Notes From Crew Quarters: Genre Struggles
This week, Associate Fiction Editor Ethan Brightbill asked our editors and contributors what genre challenges or intimidates them the most.
Jason Teal, Associate Fiction Editor
Nonfiction, for sure. Lyrical, precise images and reflections, alongside effective research, are stuff that floor me and make nonfiction one of the most fascinating genres out there. People who consistently make nonfiction exciting are the real heroes.
Hayli Cox, Associate Nonfiction Editor
I find fiction the most intimidating. The limits of poetry and nonfiction drive me to creativity, but fiction leaves me filled with ideas in front of a blank page for hours.

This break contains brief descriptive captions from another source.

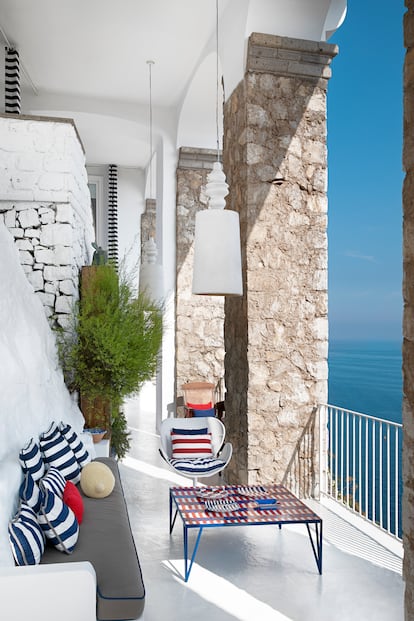 Aunque el hotel no se encuentra en una zona de playa, Marco ha sacado el mayor partido de su ubicación, creando rincones con relajantes vistas al mar.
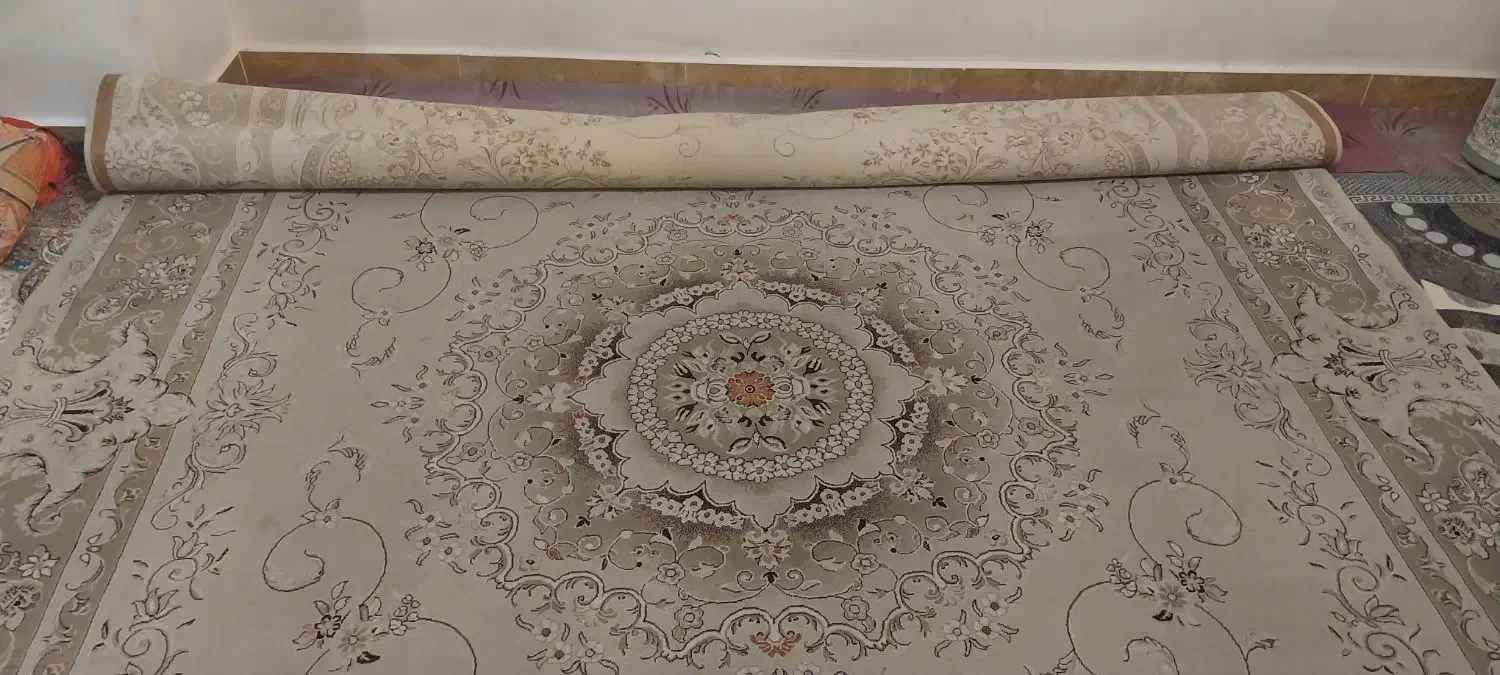 فرش کارکرده|فرش|قدس, شهرقدس|دیوار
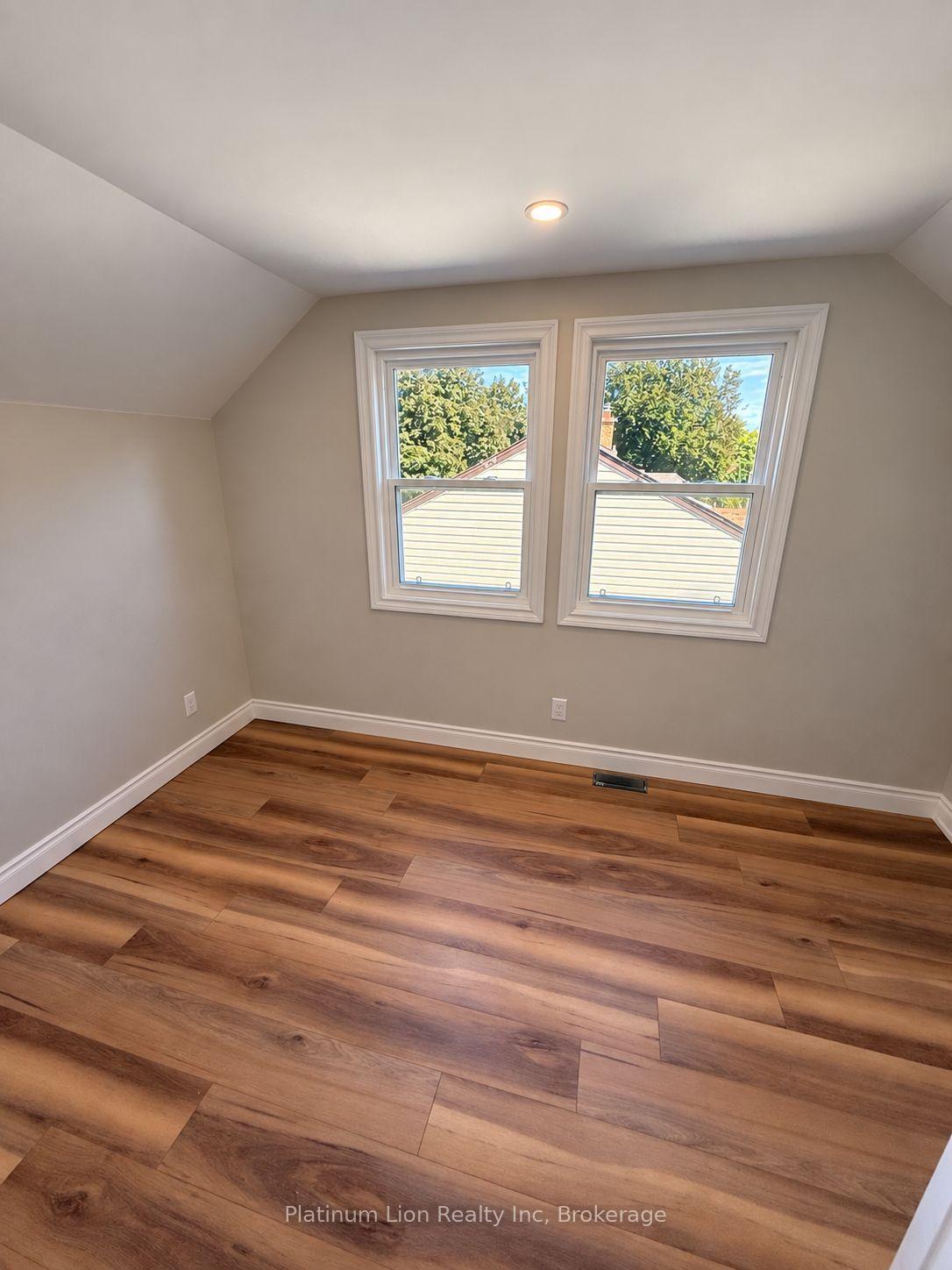 Photo 7 of Unit UPPER, 8 Byron Place, St. Catharines, Haig — HOMEH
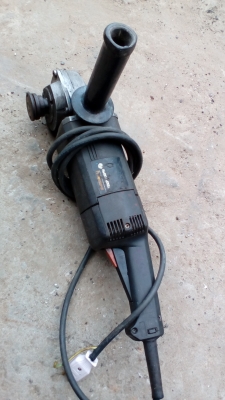 เครื่องเจียไฟฟ้า 9 นิ้ว black &amp; decker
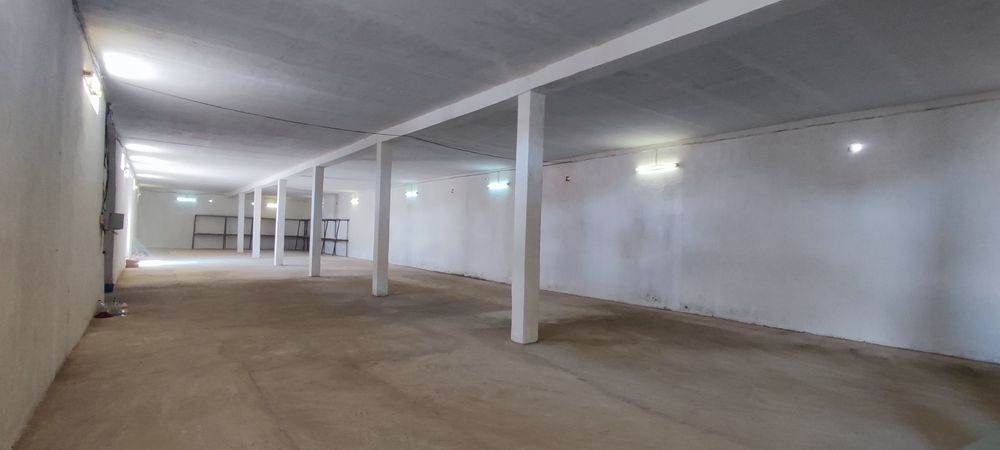 Карши шахри. Ижарага склад шахар ичида жойлашган. Аренда складского по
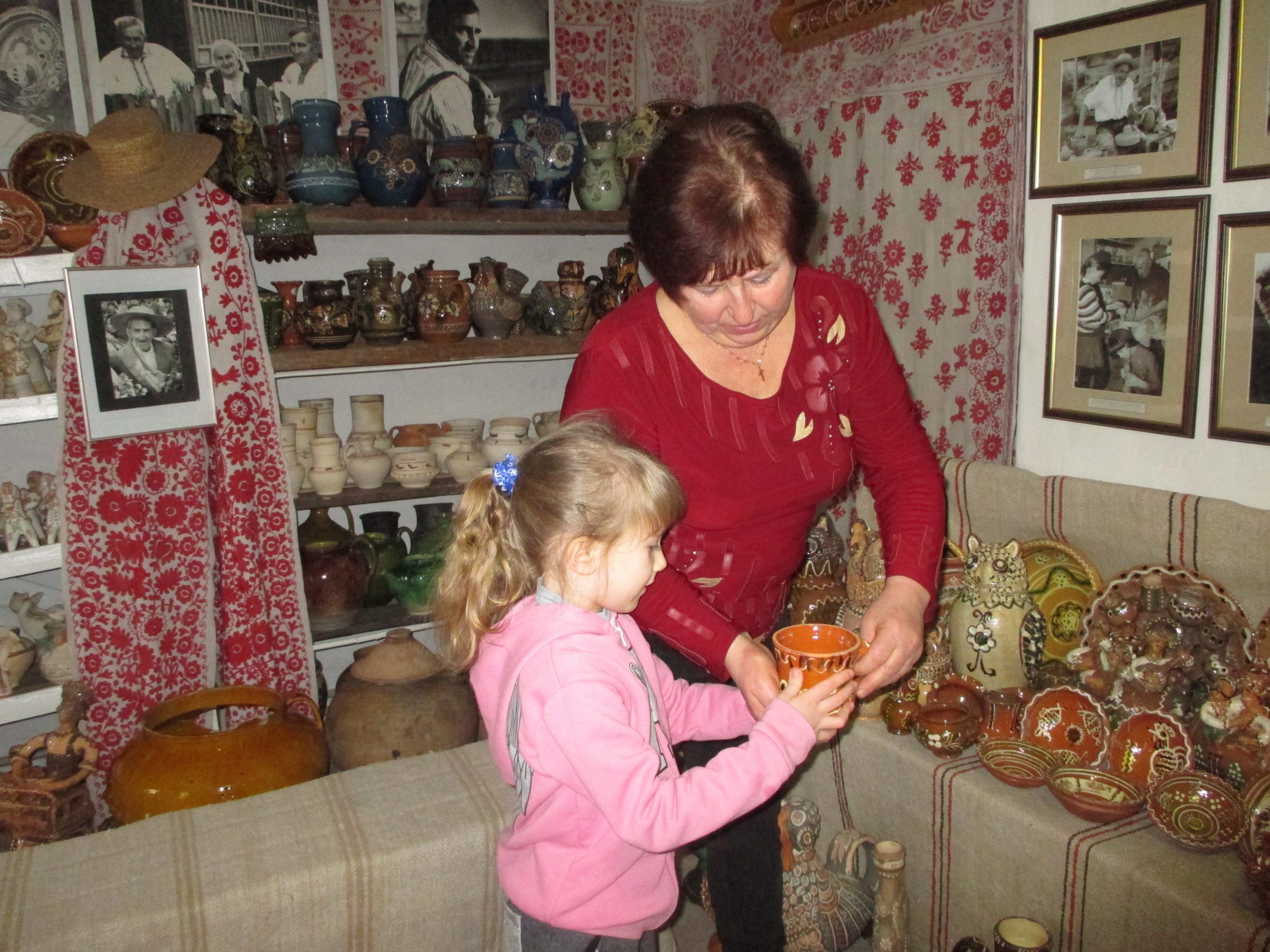 На гостину в Меморіальний музей-садибу гончарської родини Пошивайлів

Krys Malcolm Belc, Associate Fiction Editor
Poetry, because I really have to write quite a lot of words to make any kind of sense at all.
Jacqueline Boucher, Managing Editor
Long-form unsegmented fiction is miraculous to me. I think in units of paragraphs, and I don't understand how it is people can sustain an idea or an image for pages and pages at a time. The world building and character development aspects of fiction seem fun, but it's just so many words all at once, I get intimidated.
Tianli Kilpatrick, Associate Nonfiction Editor
Fiction. I think lyrically and in fragments, so putting together something lengthy and still coherent baffles me. I find an easier connection between nonfiction and poetry.
Elisha Sheffer, Associate Fiction Editor
Hands down nonfiction. I have a hard enough time facing reality off the page, writing is the one time I can shake off the limitations and let my mind wander wherever it pleases. I will always be immensely impressed and astounded by the writers that have enough discipline to spend their time in the nonfiction world.